Privilege also protects from disclosure other communications under Evidence Code Section 912, such as those between physician and patient (Section 994), sexual assault counselor and victim (Section 1035.8), and psychotherapist and patient (Section 1014). A party does not waive privilege unless he or she has, without coercion, "disclosed a significant part of the communication or has consented to disclosure made by anyone." The fact that a party attended a mediation does not, by itself, waive the privilege, and certain privileges, such as the psychotherapist-patient privilege, are generally construed in favor of the patient (See Roberts v. Superior Court, 9 Cal.3d 330 (1973).

Privilege can be waived if specific, significant parts of the protected communication are disclosed. (See In re Marriage of Kieturakis, 138 Cal.App.4th 56 (2006)Fish v. Superior Court, 42 Cal.App.5th 811 (2019)) Filing a childhood sexual assault claim can raise a question as to whether the physician-patient or psychotherapist-patient privilege is subject to the so-called "in-issue" doctrine, which creates an implied waiver "when [the privilege's holder] tenders an issue involving the substance or content of a protected communication." (See Evidence Code Section 1016.)

Insurance

Defendants - individuals, corporations and public institutions - may look to insurance carriers for coverage against the costs of settling childhood sexual assault claims. Because the alleged acts may have gone on for years, different policies may have covered different periods within a single claim. It is therefore crucial that parties analyze the scope and length of coverage prior to commencing mediation; without this knowledge, it will be difficult to evaluate settlement parameters. 

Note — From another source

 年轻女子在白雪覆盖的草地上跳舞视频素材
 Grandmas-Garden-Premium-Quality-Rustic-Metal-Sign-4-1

A common thread may link defendants to multiple plaintiffs or claims. Bundling such cases together for mediation allows parties to control fees and costs, examine coverage, and understand the extent of funds available to settle the various matters. When claims are consolidated for mediation, however, the mediator must take steps to ensure that each plaintiff and defendant has an opportunity to be heard.

The Los Angeles Unified School District (LAUSD) recently filed a lawsuit against several Chubb units, alleging that the insurer improperly denied coverage for 61 sexual abuse claims against the district. The claims, according to the district, are part of more than 175 such lawsuits dating back to the 1950s that should have been covered under liability policies issued during that time. The lawsuit asserts that AB 218 "resulted in a flood of litigation against LAUSD" involving claims of "alleged childhood sexual assault, abuse and/or molestation." If the issue of insurance coverage becomes clear for these claims, plaintiffs and defendants should have a better chance of achieving settlement.       

Conclusion

Every childhood sexual assault claim is unique; there is no magic formula for resolving such long-standing and complex issues. However, with preparation and an appreciation for the confidentiality and evidentiary protections provided in mediation, both plaintiffs and defendants can achieve closure with the help of a skilled mediator.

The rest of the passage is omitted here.